Activity ->
The entries below are to be repeated exactly as they stand.

Exercise data Block Start

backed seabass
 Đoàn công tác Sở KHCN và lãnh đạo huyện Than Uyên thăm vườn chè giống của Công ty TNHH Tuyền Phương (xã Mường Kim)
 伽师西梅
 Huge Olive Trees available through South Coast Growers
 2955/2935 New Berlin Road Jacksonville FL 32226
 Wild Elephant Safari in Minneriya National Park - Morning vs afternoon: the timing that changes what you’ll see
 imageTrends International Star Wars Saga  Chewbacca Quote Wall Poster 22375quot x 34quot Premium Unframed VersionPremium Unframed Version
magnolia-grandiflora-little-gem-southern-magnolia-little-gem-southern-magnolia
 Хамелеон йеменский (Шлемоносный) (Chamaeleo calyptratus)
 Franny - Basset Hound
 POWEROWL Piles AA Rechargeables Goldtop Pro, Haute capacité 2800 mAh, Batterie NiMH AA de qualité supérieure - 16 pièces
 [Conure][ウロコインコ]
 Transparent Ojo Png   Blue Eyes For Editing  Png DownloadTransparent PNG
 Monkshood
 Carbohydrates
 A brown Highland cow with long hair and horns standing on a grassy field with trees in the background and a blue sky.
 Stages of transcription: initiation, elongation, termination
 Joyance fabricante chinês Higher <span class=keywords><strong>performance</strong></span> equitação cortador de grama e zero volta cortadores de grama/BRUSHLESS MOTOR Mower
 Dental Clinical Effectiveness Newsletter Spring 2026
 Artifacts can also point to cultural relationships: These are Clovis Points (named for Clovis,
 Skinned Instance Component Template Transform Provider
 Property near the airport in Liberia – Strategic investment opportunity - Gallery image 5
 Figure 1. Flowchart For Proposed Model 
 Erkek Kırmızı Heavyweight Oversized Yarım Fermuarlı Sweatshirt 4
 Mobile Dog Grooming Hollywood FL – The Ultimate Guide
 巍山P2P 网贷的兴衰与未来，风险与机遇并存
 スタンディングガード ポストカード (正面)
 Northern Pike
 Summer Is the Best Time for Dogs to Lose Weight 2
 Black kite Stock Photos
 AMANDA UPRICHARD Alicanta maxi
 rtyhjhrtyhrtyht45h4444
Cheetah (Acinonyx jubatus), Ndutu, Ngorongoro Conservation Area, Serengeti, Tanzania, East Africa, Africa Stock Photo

Exercise data Block End

Your response ->
backed seabass
 Đoàn công tác Sở KHCN và lãnh đạo huyện Than Uyên thăm vườn chè giống của Công ty TNHH Tuyền Phương (xã Mường Kim)
 伽师西梅
 Huge Olive Trees available through South Coast Growers
 2955/2935 New Berlin Road Jacksonville FL 32226
 Wild Elephant Safari in Minneriya National Park - Morning vs afternoon: the timing that changes what you’ll see
 imageTrends International Star Wars Saga  Chewbacca Quote Wall Poster 22375quot x 34quot Premium Unframed VersionPremium Unframed Version
magnolia-grandiflora-little-gem-southern-magnolia-little-gem-southern-magnolia
 Хамелеон йеменский (Шлемоносный) (Chamaeleo calyptratus)
 Franny - Basset Hound
 POWEROWL Piles AA Rechargeables Goldtop Pro, Haute capacité 2800 mAh, Batterie NiMH AA de qualité supérieure - 16 pièces
 [Conure][ウロコインコ]
 Transparent Ojo Png   Blue Eyes For Editing  Png DownloadTransparent PNG
 Monkshood
 Carbohydrates
 A brown Highland cow with long hair and horns standing on a grassy field with trees in the background and a blue sky.
 Stages of transcription: initiation, elongation, termination
 Joyance fabricante chinês Higher <span class=keywords><strong>performance</strong></span> equitação cortador de grama e zero volta cortadores de grama/BRUSHLESS MOTOR Mower
 Dental Clinical Effectiveness Newsletter Spring 2026
 Artifacts can also point to cultural relationships: These are Clovis Points (named for Clovis,
 Skinned Instance Component Template Transform Provider
 Property near the airport in Liberia – Strategic investment opportunity - Gallery image 5
 Figure 1. Flowchart For Proposed Model 
 Erkek Kırmızı Heavyweight Oversized Yarım Fermuarlı Sweatshirt 4
 Mobile Dog Grooming Hollywood FL – The Ultimate Guide
 巍山P2P 网贷的兴衰与未来，风险与机遇并存
 スタンディングガード ポストカード (正面)
 Northern Pike
 Summer Is the Best Time for Dogs to Lose Weight 2
 Black kite Stock Photos
 AMANDA UPRICHARD Alicanta maxi
 rtyhjhrtyhrtyht45h4444
Cheetah (Acinonyx jubatus), Ndutu, Ngorongoro Conservation Area, Serengeti, Tanzania, East Africa, Africa Stock Photo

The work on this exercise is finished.